# [Problem]
Every record that follows is to be copied exactly, with the pictures omitted.

┌─ Entries provided

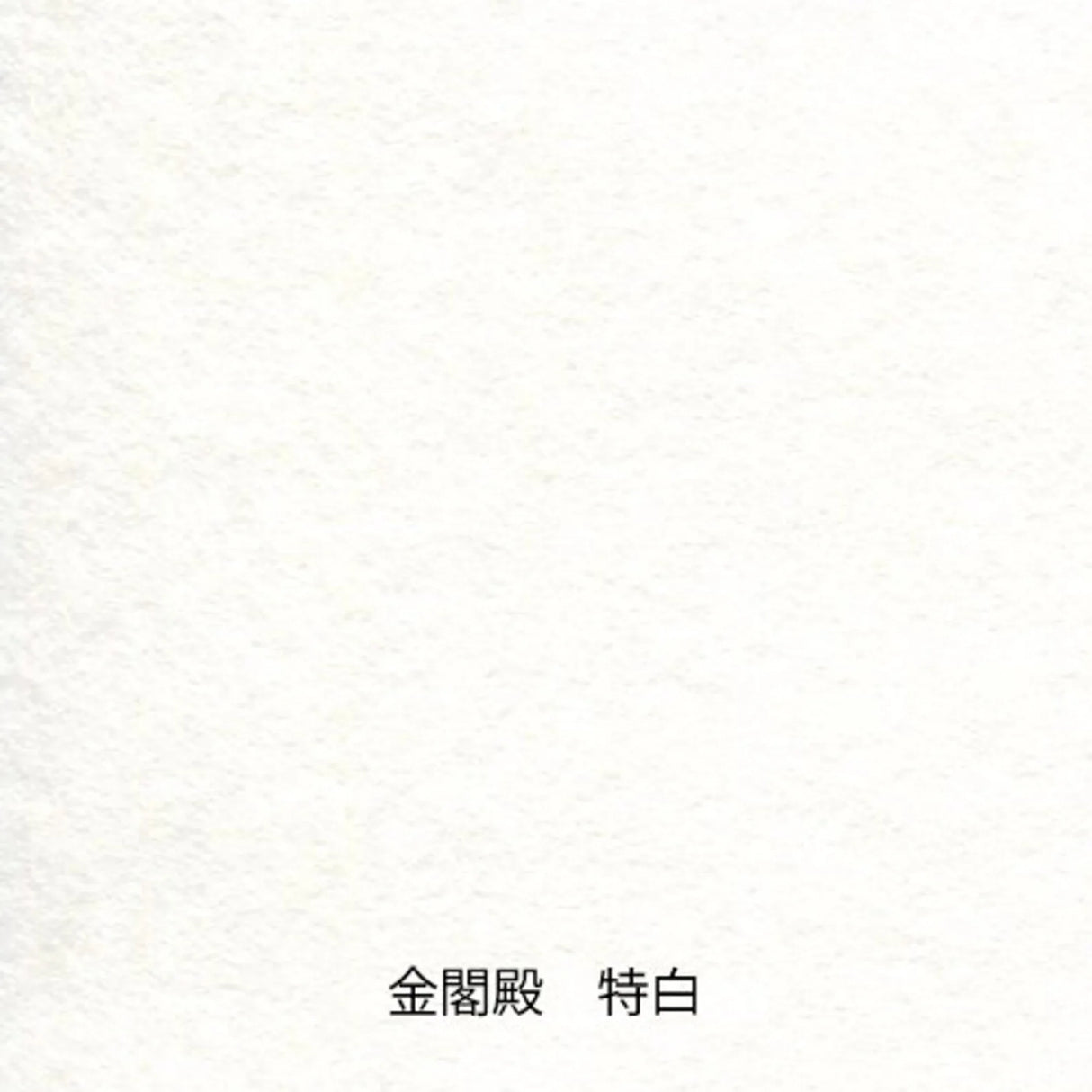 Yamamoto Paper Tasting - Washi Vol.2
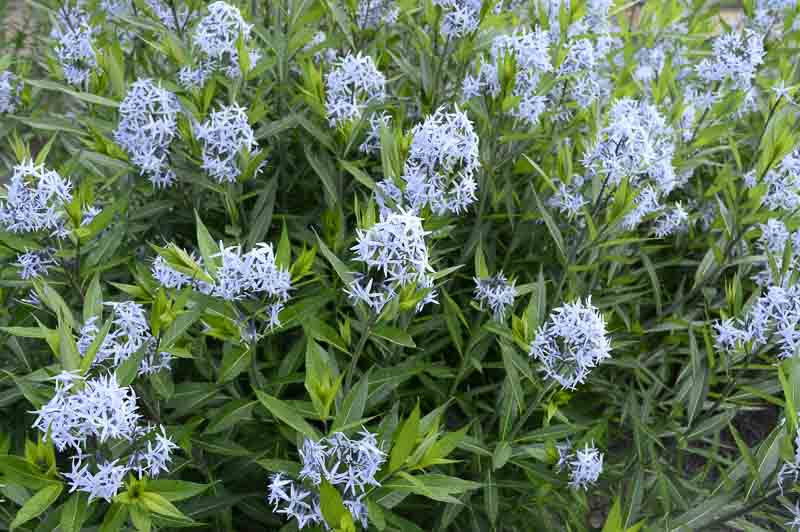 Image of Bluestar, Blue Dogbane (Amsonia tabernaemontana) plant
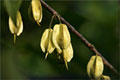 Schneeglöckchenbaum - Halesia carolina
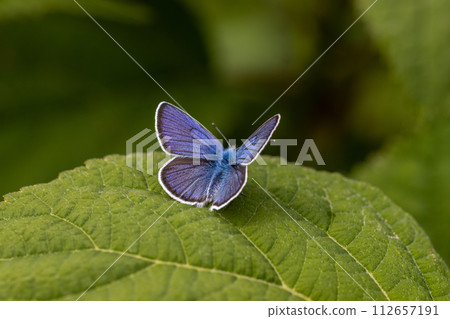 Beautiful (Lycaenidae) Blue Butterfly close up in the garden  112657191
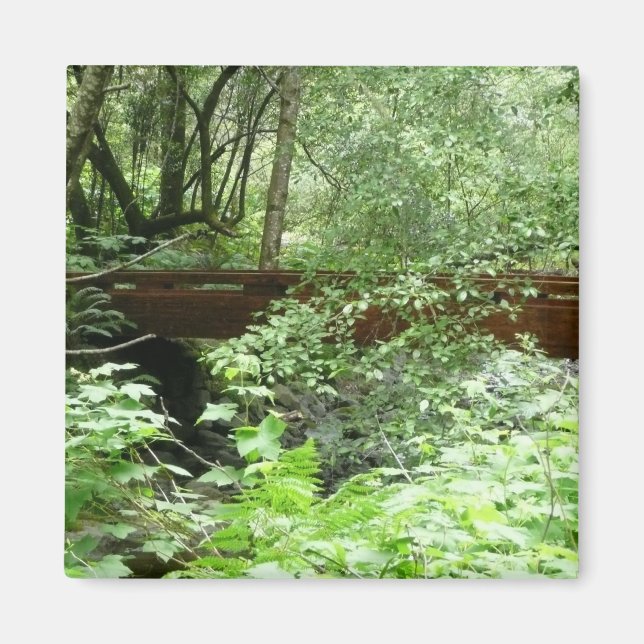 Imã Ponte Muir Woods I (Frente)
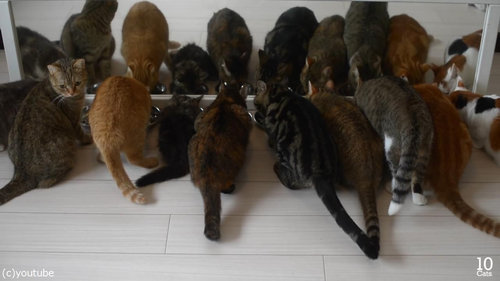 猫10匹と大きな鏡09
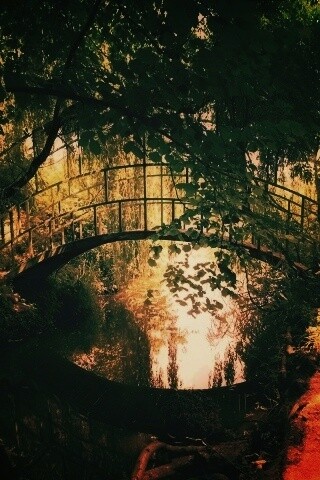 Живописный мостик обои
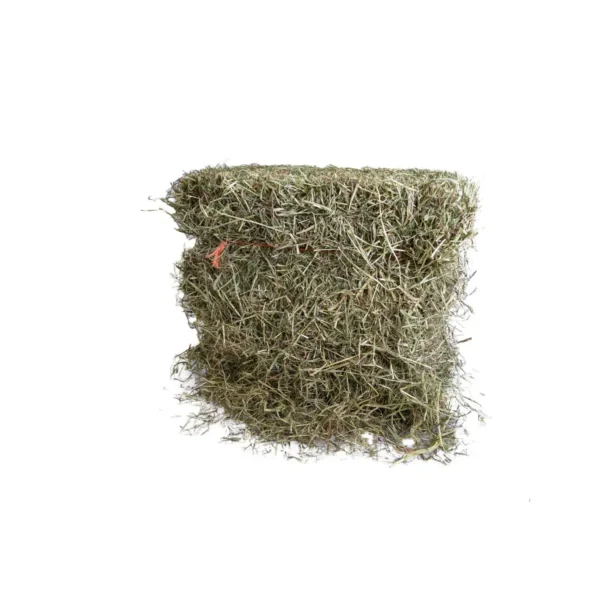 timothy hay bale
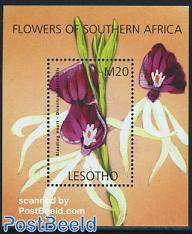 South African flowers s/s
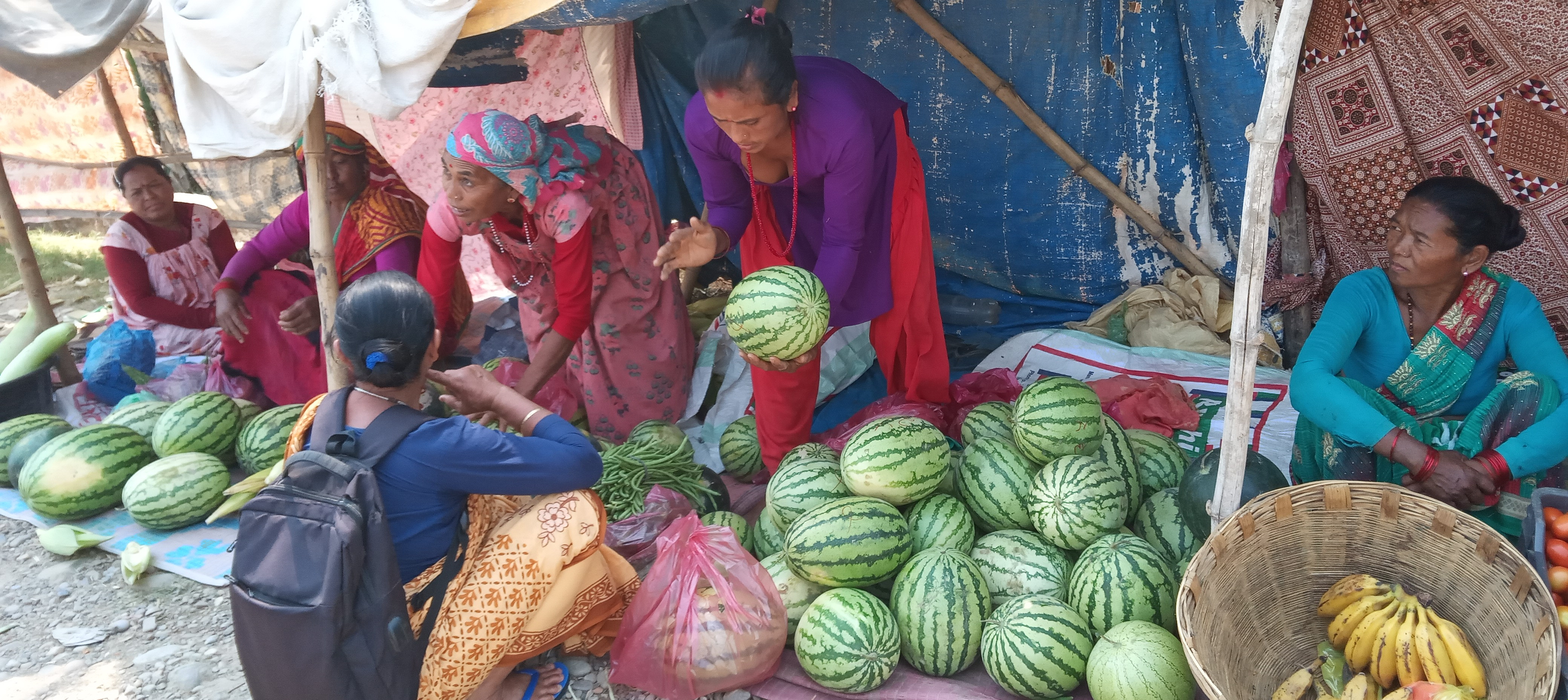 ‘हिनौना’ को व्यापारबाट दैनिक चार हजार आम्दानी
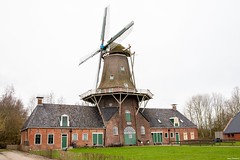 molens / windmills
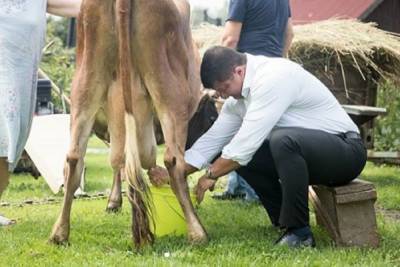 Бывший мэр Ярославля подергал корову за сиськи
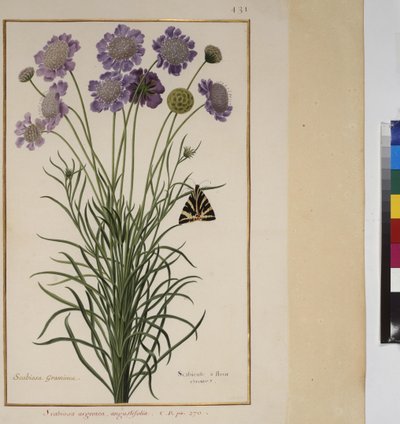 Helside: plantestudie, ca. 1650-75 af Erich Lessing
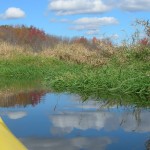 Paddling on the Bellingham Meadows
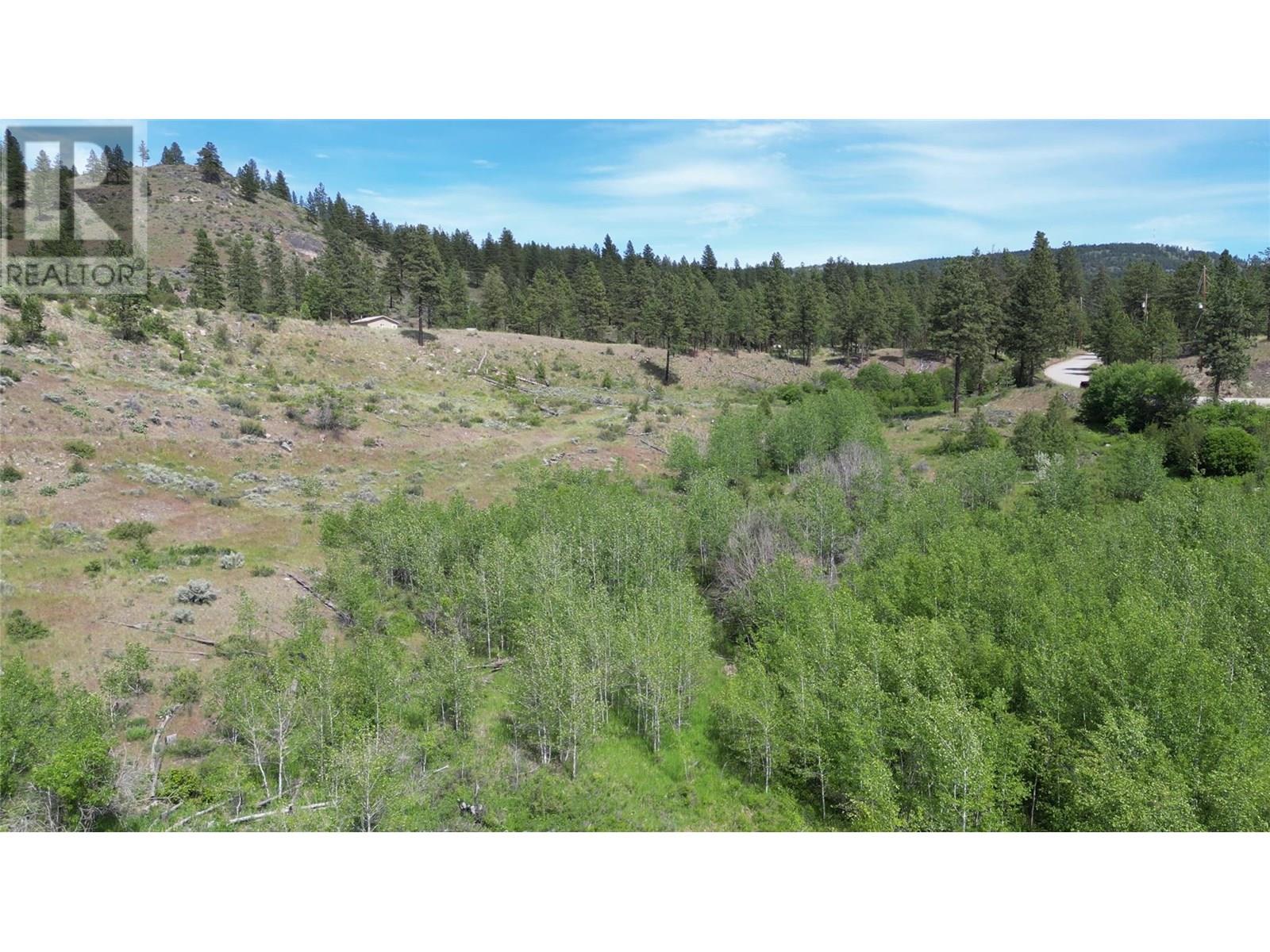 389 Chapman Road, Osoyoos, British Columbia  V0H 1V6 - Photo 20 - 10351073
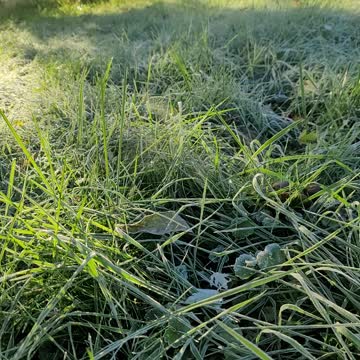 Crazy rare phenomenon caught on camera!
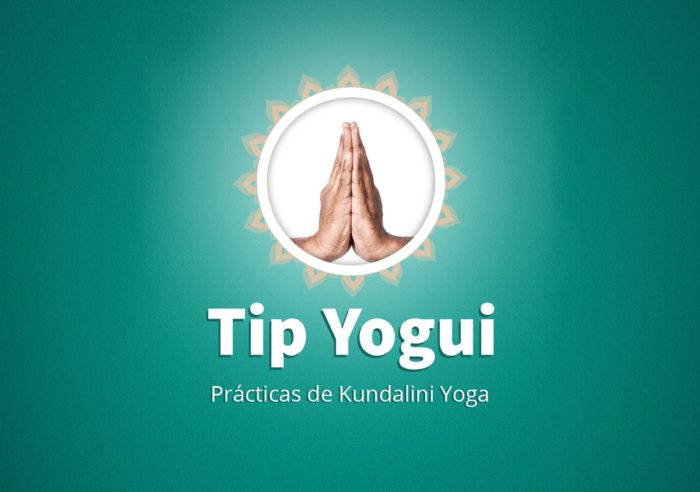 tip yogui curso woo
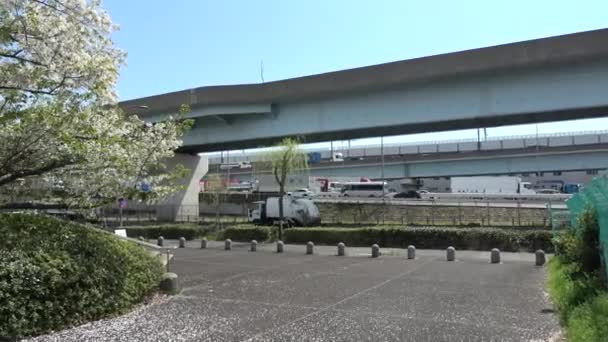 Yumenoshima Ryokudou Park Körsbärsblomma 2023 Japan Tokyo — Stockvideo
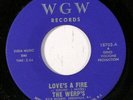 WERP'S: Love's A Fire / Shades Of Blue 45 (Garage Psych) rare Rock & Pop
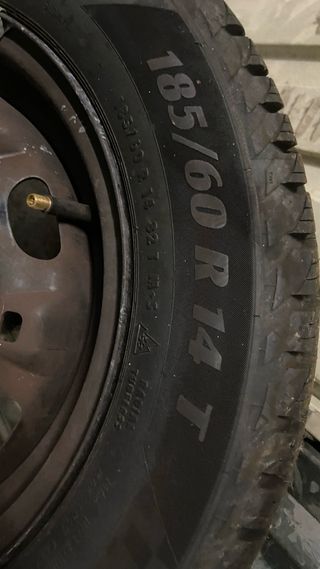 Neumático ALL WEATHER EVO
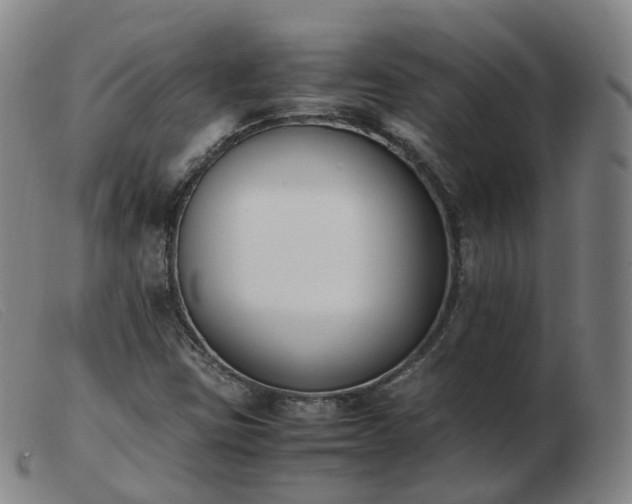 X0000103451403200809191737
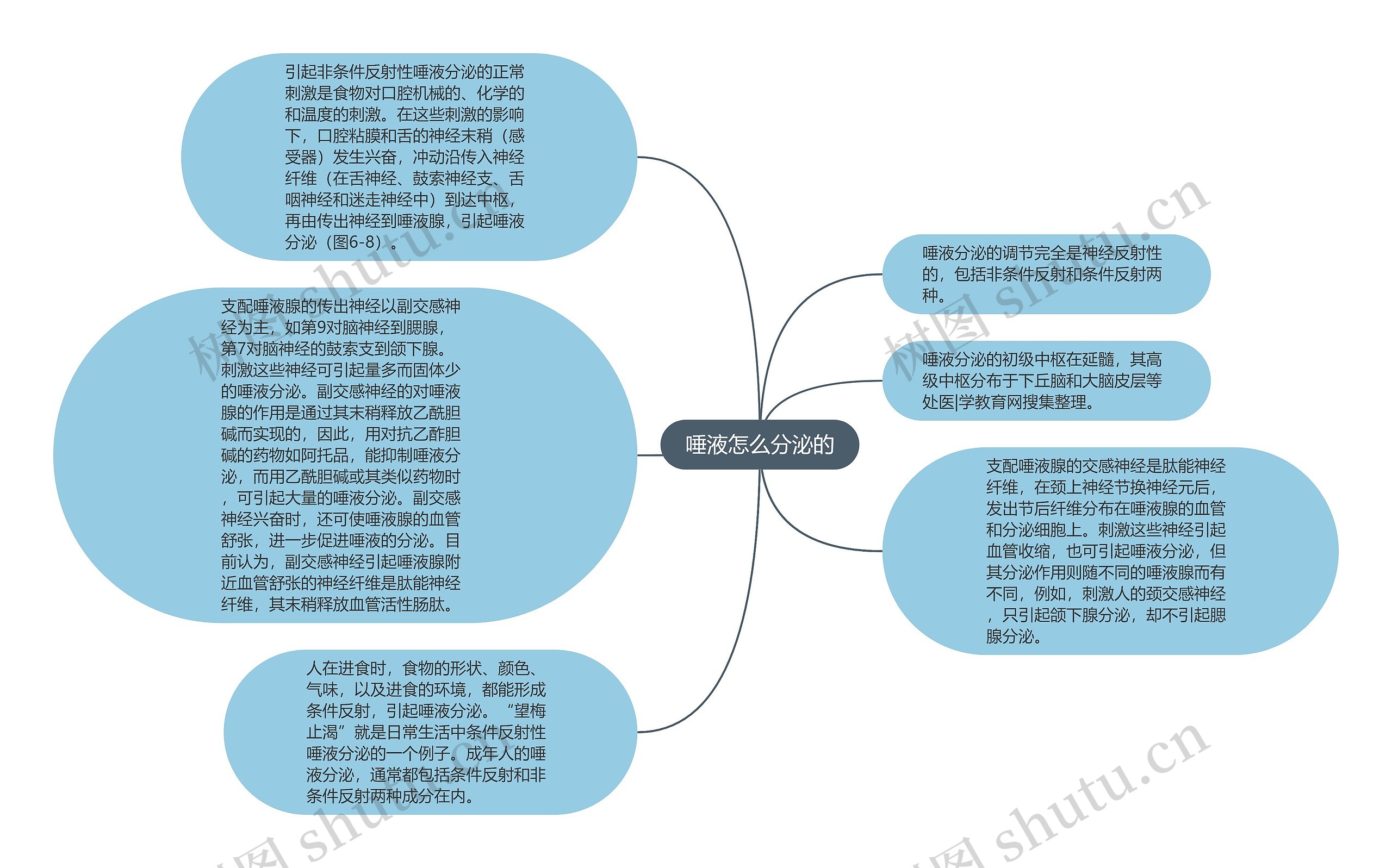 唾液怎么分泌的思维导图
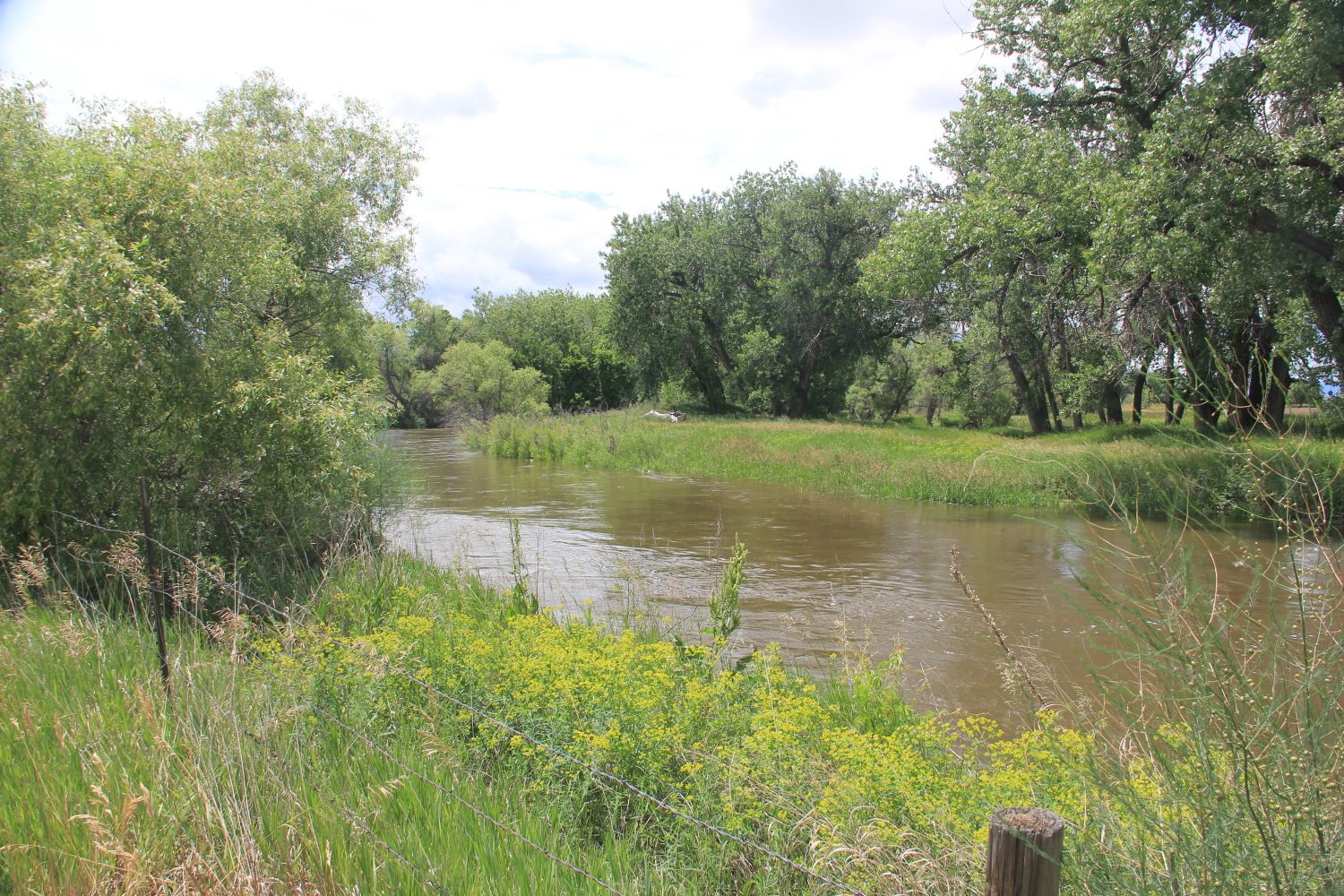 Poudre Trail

└─

# [Result of this task]
 Yamamoto Paper Tasting - Washi Vol.2
 Image of Bluestar, Blue Dogbane (Amsonia tabernaemontana) plant
 Schneeglöckchenbaum - Halesia carolina
 Beautiful (Lycaenidae) Blue Butterfly close up in the garden  112657191
 Imã Ponte Muir Woods I (Frente)
 猫10匹と大きな鏡09
 Живописный мостик обои
 timothy hay bale
 South African flowers s/s
 ‘हिनौना’ को व्यापारबाट दैनिक चार हजार आम्दानी
 molens / windmills
 Бывший мэр Ярославля подергал корову за сиськи
 Helside: plantestudie, ca. 1650-75 af Erich Lessing
 Paddling on the Bellingham Meadows
 389 Chapman Road, Osoyoos, British Columbia  V0H 1V6 - Photo 20 - 10351073
 Crazy rare phenomenon caught on camera!
 tip yogui curso woo
 Yumenoshima Ryokudou Park Körsbärsblomma 2023 Japan Tokyo — Stockvideo
 WERP'S: Love's A Fire / Shades Of Blue 45 (Garage Psych) rare Rock & Pop
 Neumático ALL WEATHER EVO
 X0000103451403200809191737
 唾液怎么分泌的思维导图
 Poudre Trail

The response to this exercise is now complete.